I searched around quite a bit but noone says anything more than "stack is for that" and "heap is for that". Noone explains WHY it is like that. Some people even encourage you to not care about it and just program. But I want to know what the heck I am doing when I program so was hoping some more experienced soul could help a bit with my questions :)

Arndt
October 20th, 2010, 01:43 PM
So continuing with learning some C I came across stack and heap memory. I understand that they are two main parts of the memory to store data. In fact dynamic memory allocation is happening in the heap and function parameters and variables are stored in the stack.

My questions:


Why can't there be ONE BIG place for everything to be stored instead of having two places?
In hardware terms is stack different than heap? I read somewhere that stack is smaller and faster than heap. That means it sits somewhere else right?
Is stack the cache of the RAM?

I searched around quite a bit but noone says anything more than "stack is for that" and "heap is for that". Noone explains WHY it is like that. Some people even encourage you to not care about it and just program. But I want to know what the heck I am doing when I program so was hoping some more experienced soul could help a bit with my questions :)

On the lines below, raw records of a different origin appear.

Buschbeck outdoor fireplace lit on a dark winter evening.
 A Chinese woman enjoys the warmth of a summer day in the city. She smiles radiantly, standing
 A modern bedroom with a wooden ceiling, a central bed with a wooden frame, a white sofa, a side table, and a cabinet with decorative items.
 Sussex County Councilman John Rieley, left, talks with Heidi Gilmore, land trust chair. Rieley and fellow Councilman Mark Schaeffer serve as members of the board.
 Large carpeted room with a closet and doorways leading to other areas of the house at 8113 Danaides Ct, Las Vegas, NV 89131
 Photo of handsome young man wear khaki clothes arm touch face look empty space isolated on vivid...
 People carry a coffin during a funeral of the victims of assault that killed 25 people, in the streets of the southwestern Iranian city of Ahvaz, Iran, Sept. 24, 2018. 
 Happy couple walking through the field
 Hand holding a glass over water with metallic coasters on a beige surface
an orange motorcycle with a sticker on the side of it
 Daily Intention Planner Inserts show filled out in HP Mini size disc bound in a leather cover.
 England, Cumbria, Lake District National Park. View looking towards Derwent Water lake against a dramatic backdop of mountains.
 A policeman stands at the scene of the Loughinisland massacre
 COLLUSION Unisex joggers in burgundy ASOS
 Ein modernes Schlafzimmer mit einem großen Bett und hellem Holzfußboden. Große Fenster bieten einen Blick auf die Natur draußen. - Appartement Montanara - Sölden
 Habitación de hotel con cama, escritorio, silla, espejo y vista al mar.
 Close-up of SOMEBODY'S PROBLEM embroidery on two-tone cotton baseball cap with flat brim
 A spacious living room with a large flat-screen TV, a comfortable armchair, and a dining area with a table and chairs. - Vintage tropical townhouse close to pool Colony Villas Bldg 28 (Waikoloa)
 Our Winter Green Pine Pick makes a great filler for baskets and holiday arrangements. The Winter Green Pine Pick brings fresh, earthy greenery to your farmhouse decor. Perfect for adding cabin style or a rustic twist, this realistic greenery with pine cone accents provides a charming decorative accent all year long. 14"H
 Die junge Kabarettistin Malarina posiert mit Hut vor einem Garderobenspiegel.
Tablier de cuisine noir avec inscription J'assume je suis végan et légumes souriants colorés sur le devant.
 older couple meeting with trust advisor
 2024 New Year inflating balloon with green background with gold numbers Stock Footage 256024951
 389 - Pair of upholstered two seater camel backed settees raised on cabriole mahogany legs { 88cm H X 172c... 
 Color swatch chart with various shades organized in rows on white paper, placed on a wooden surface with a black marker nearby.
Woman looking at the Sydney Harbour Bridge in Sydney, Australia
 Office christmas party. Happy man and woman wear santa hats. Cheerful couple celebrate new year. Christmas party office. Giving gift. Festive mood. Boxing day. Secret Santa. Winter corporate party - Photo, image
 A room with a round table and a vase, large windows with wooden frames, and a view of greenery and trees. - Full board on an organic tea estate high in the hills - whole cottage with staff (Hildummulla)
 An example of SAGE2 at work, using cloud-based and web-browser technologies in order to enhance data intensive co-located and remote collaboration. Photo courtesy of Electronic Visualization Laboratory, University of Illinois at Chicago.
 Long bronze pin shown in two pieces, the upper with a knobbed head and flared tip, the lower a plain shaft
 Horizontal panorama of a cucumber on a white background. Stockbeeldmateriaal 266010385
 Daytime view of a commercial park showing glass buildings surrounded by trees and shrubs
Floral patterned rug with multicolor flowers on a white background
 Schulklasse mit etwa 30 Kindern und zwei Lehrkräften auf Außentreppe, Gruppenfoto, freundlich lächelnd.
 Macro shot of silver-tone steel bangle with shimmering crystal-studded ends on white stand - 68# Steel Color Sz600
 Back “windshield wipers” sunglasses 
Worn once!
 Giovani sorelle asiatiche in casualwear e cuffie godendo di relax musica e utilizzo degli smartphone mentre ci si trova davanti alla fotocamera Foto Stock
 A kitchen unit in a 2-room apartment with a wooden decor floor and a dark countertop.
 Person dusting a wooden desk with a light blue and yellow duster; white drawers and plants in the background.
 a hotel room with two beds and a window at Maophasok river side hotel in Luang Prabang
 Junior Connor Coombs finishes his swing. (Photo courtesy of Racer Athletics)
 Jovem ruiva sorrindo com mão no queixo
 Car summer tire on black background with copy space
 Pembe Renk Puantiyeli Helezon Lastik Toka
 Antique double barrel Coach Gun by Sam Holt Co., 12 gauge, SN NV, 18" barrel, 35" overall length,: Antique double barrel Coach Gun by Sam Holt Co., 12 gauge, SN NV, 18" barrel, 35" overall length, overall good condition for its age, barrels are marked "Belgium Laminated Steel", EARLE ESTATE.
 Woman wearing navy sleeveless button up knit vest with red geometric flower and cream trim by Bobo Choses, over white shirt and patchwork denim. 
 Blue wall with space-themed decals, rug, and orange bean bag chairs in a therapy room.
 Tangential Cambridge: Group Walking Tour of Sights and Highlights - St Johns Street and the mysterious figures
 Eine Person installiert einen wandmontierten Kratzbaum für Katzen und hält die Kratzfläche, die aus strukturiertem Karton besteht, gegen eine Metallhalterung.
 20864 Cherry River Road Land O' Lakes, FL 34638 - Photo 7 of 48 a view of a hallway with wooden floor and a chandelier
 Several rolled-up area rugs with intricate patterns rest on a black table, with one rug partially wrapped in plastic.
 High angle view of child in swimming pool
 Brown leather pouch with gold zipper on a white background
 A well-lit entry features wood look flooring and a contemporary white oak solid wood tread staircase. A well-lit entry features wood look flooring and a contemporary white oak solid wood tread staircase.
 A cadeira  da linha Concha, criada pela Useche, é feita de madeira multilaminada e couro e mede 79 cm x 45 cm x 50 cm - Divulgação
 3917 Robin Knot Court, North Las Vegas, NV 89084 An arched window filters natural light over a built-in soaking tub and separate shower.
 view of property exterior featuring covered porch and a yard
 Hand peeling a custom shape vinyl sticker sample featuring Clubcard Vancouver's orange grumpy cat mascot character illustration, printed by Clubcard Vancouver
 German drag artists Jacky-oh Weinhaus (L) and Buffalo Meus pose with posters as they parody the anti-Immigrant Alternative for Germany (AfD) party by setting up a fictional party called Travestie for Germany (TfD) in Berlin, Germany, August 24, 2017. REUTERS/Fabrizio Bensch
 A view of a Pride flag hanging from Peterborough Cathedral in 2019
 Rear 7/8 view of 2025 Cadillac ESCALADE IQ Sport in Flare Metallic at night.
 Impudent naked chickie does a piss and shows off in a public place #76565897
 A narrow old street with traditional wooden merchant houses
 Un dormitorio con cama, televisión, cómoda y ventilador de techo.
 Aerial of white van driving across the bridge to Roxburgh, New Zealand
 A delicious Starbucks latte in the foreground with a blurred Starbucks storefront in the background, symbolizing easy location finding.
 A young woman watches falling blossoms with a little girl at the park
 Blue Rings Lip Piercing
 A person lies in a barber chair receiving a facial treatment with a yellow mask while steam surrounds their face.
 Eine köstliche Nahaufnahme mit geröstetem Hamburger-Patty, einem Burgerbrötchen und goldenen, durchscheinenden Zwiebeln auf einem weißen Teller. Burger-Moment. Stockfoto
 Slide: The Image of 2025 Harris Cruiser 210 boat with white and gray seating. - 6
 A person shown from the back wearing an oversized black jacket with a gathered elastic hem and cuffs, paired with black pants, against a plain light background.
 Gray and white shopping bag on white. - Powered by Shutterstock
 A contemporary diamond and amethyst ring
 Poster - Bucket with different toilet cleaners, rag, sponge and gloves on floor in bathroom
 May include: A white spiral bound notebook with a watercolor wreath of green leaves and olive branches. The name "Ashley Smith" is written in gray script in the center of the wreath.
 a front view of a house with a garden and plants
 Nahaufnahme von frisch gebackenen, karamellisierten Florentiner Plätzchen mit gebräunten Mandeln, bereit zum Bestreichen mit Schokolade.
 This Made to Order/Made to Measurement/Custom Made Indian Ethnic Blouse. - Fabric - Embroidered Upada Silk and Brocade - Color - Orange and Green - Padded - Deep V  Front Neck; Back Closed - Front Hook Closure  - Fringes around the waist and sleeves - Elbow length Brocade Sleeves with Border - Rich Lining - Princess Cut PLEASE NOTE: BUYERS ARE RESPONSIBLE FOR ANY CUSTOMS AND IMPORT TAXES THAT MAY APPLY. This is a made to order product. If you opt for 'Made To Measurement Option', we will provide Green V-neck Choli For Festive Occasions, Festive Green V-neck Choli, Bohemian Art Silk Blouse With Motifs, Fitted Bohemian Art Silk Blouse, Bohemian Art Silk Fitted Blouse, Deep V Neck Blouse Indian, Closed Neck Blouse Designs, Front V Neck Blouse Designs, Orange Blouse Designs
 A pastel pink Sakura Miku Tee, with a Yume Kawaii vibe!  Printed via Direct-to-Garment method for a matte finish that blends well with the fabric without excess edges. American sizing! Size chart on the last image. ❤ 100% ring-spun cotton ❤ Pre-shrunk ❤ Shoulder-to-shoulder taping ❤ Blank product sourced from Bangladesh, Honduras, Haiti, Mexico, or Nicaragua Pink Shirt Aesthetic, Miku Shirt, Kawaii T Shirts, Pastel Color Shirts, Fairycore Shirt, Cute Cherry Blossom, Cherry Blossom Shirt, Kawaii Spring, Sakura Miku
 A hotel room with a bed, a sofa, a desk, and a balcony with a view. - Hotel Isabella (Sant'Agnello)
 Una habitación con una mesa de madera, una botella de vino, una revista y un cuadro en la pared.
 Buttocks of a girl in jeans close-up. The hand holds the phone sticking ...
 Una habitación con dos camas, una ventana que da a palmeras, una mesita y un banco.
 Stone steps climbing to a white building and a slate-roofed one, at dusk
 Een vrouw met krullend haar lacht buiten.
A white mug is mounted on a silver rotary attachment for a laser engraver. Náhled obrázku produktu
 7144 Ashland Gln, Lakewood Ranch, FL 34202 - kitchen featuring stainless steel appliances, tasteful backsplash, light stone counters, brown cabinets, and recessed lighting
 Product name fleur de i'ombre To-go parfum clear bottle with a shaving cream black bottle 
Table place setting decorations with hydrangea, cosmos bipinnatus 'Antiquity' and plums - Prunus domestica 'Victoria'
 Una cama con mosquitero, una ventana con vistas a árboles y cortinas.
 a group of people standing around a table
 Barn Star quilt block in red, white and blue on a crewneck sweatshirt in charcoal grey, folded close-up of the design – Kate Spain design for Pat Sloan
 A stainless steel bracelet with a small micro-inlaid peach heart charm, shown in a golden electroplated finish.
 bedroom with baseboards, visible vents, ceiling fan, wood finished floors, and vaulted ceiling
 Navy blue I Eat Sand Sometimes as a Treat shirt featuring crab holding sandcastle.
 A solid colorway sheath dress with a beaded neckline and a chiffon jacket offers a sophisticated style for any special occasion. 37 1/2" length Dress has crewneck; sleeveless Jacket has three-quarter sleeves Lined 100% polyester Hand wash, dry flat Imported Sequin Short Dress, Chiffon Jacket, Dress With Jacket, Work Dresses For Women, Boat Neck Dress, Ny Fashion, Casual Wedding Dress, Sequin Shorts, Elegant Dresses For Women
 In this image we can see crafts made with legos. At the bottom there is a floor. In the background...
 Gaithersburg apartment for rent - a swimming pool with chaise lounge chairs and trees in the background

What's special with the stack is that it grows and shrinks, usually because when a function call is made, the place to return to, and the current local variables must be stored there, and can then be restored.

Since pushing and popping on a stack turned out to be a popular operation, most processor architectures incorporated some special instruction to do just that (in the sixties/seventies). I am not so familiar with architectures where the stack and heap memory are handled entirely separately. One idea is to cache the last part of the stack (or the whole stack) in faster memory, since you know it will soon be used again.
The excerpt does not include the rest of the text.